Liquidity and Capital Resources

The Financial Regulatory Relief and Economic Efficiency Act of 2000, which was
signed into law on December 27, 2000, repealed the former statutory requirement
that all savings associations maintain an average daily balance of liquid assets
in a minimum amount of not less than 4% or more than 10% of their withdrawable
accounts plus short-term borrowings. The OTS adopted a rule that implemented
this revised statutory requirement, although savings associations remain subject
to the OTS regulation that requires them to maintain sufficient liquidity to
ensure their safe and sound operation.

Pursuant to OTS capital regulations in effect at September 30, 2004, savings
associations were required to maintain a 1.5% tangible capital requirement, a 4%
leverage ratio (or core capital) requirement, and a total risk-based capital to
risk-weighted assets ratio of 8%. At September 30, 2004, Lincoln's capital
levels exceeded all applicable regulatory capital requirements in effect as of
that date.

Lincoln's previously announced intention to convert from a federally chartered
savings bank to a state chartered commercial bank is expected to be completed in
the first quarter of 2005.

Other

The Securities and Exchange Commission maintains a Web site that contains
reports, proxy information statements, and other information regarding
registrants that file electronically with the Commission, including the Company.
The address is http://www.sec.gov.


Item 3. Quantitative and Qualitative Disclosures About Market Risk

Presented below, as of September 30, 2004 and 2003, is an analysis performed by
the OTS of Lincoln's interest rate risk as measured by changes in Lincoln's net
portfolio value ("NPV") for instantaneous and sustained parallel shifts in the
yield curve, in 100 basis point increments, up 300 basis points and down 100
basis points.

September 30, 2004
------------------
Net Portfolio Value NPV as % of PV of Assets
Changes
In Rates $ Amount $ Change %Change NPV Ratio Change
- -------- -------- -------- ------- --------- ------
(Dollars in thousands)
+300 bp $72,865 $(13,382) (16)% 9.25% (128) bp
+200 bp 78,753 (7,495) (9) 9.86 (67) bp
+100 bp 83,576 (2,671) (3) 10.33 (20) bp
0 bp 86,248 10.53
- -100 bp 83,952 (2,295) (3) 10.17 (36) bp



September 30, 2003
------------------
Net Portfolio Value NPV as % of PV of Assets
Changes
In Rates $ Amount $ Change %Change NPV Ratio Change
- -------- -------- -------- ------- --------- ------
(Dollars in thousands)
+300 bp $53,695 $(14,510) (21)% 9.43% (192) bp
+200 bp 60,118 (8,086) (12) 10.35 (99) bp
+100 bp 65,319 (2,885) (4) 11.04 (30) bp
0 bp 68,204 11.34
- -100 bp 66,410 (1,794) (3) 10.92 (42) bp



18


Management believes at September 30, 2004, there have been no material changes
in Lincoln's interest rate sensitive instruments which would cause a material
change in the market risk exposures which affect the quantitative and
qualitative risk disclosures as presented in Item 7A of the Company's Annual
Report on Form 10-K for the period ended December 31, 2003.
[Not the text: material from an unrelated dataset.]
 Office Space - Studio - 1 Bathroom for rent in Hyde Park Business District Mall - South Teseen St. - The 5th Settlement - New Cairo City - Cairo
Item 4. Controls and Procedures

(a) Evaluation of disclosure controls and procedures. The Company's chief
executive officer and chief financial officer, after evaluating the
effectiveness of the Company's disclosure controls and procedures (as defined in
Sections 13a-15(e) and 15d-15(e) of the regulations promulgated under the
Securities Exchange Act of 1934, as amended), as of the end of the most recent
fiscal quarter covered by this quarterly report (the "Evaluation Date"), have
concluded that as of the Evaluation Date, the Company's disclosure controls and
procedures were adequate and are designed to ensure that material information
relating to the Company would be made known to such officers by others within
the Company on a timely basis.

(b) Changes in internal controls. There were no significant changes in the
Company's internal control over financial reporting identified in connection
with the Company's evaluation of controls that occurred during the Company's
last fiscal quarter that has materially affected, or is reasonably likely to
materially affect, the Company's internal control over financial reporting.


PART II. OTHER INFORMATION

Item 1. Legal Proceedings

Although the Company and its subsidiaries are involved, from time to
time, in various legal proceedings arising in the ordinary course of
business, there are no material legal proceedings to which they are a
party or to which their property is subject.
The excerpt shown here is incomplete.